Oh boy. I thought this was supposed to be one of the good ones? It was uh... not good. No. But it honestly managed to retain some positives and to the movies credit I genuinely didn't see the swerve with Hammond being an android too coming, so that was clever, granted but otherwise there was a lot of this that was just generally below average and at times, very below average that really dragged this movie down to a underperformer.
Let's mix things up a bit and start with the bad points first instead! A good 2/3rds of this movie was shot, I think, handheld. By somebody seriously wired on caffeine, because there was a very heavy degree of shaky camera work going on. I know it's sometimes a technique Directors pull to make it feel like you're an observer and you're really dialled into the action, but it was starting to make me feel a little bit motion sick. Genuinely. It was that bad. As if the person filming the shot was sitting on a rodeo bull trying their hardest to keep the camera trained on one central point! Other moments in the film were shot perfectly, even some quite impressively but a whole bunch of the movie was shot this way and not only did it feel amateurish but at times it got uncomfortable to watch.
Secondly; the acting was pretty hammy here.
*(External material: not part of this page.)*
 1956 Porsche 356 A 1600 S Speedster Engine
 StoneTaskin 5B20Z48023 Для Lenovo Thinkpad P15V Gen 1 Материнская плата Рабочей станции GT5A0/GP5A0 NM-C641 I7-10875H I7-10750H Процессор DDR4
Michael Jai White was not bad, but he was the angry, arrogant cop persona and not much depth beyond that and at times he was really overacting in the action hero role. Randy Wayne was vanilla but I guess playing an emotionless android he was supposed to be, so he either did really well or really poorly depending by which measurement you want to go with I guess? Everybody else was overacting just that little bit too much that it got a bit cringe at times, and nobody was really impressing me that much.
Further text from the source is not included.